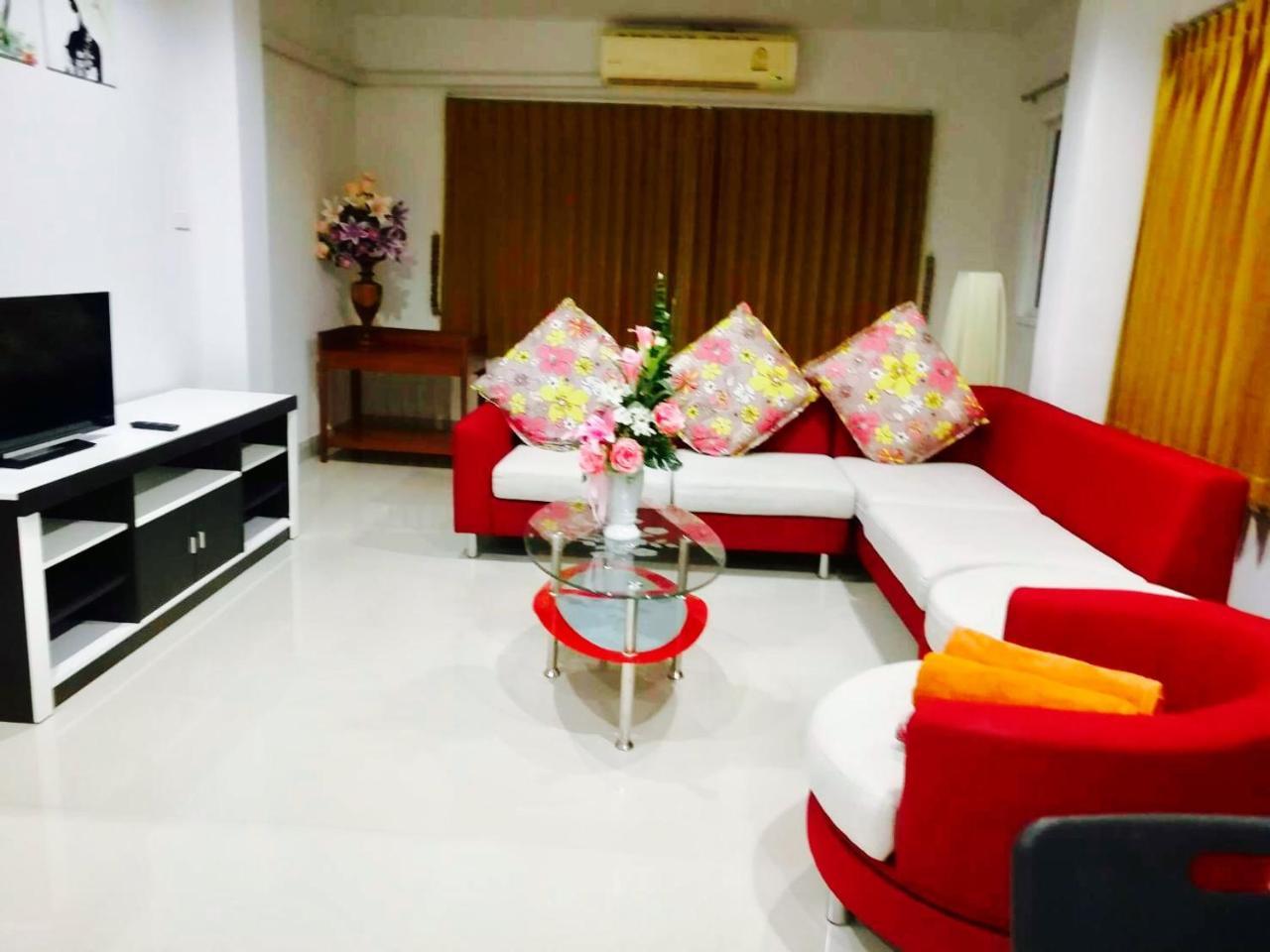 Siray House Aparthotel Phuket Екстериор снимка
==
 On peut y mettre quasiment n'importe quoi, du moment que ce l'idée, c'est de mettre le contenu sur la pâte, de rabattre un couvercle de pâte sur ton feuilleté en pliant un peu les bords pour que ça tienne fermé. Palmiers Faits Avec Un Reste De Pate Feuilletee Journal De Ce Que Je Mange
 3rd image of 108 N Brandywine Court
==
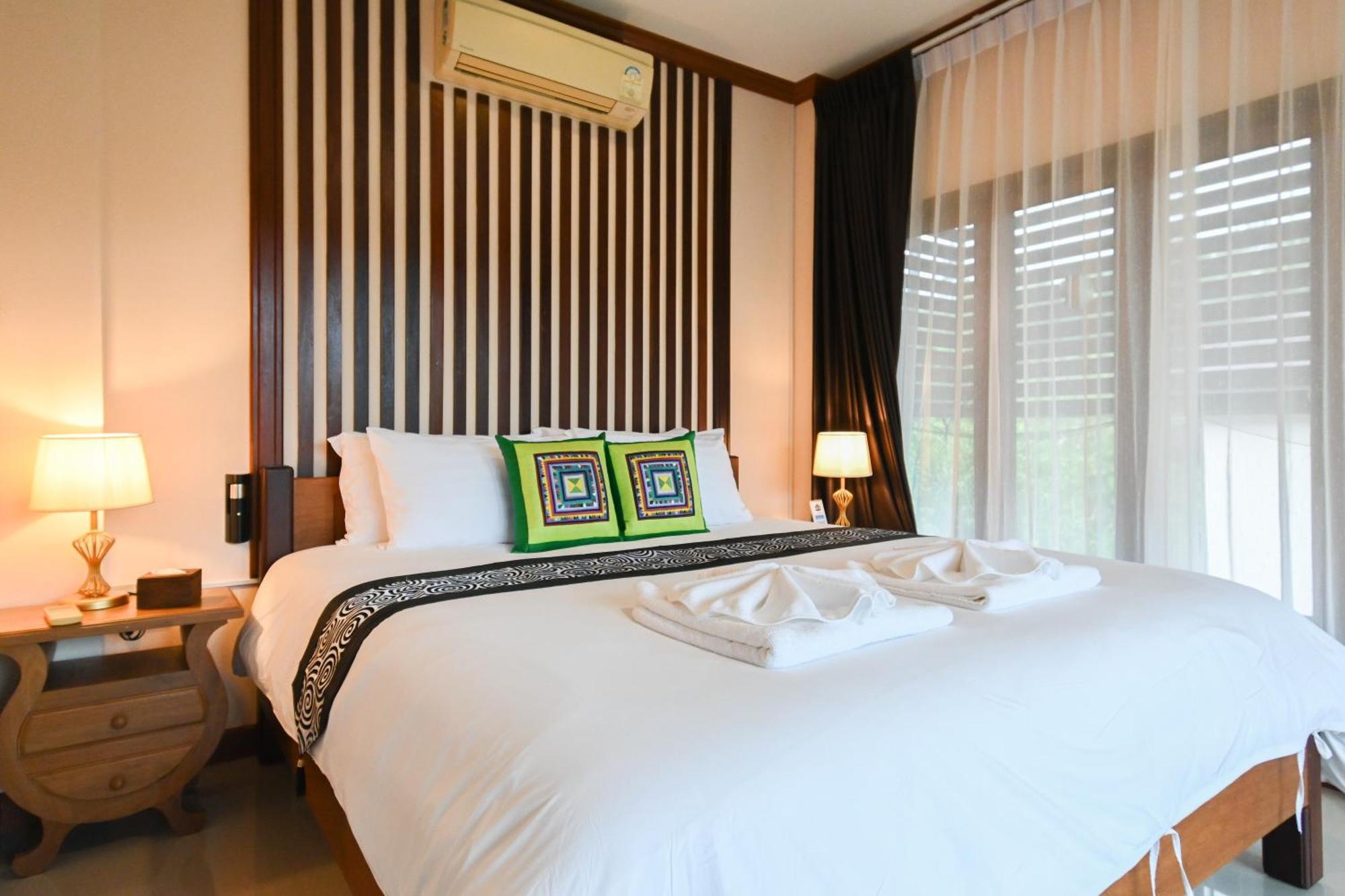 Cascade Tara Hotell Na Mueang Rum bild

PROBLEM TO WORK ON:
Retype exactly, and only, the lines above from the one where "On peut y mettre" occurs up to and including the one where "3rd image of 108 N Brandywine Court" occurs.

RESPONSE AREA:
 On peut y mettre quasiment n'importe quoi, du moment que ce l'idée, c'est de mettre le contenu sur la pâte, de rabattre un couvercle de pâte sur ton feuilleté en pliant un peu les bords pour que ça tienne fermé. Palmiers Faits Avec Un Reste De Pate Feuilletee Journal De Ce Que Je Mange
 3rd image of 108 N Brandywine Court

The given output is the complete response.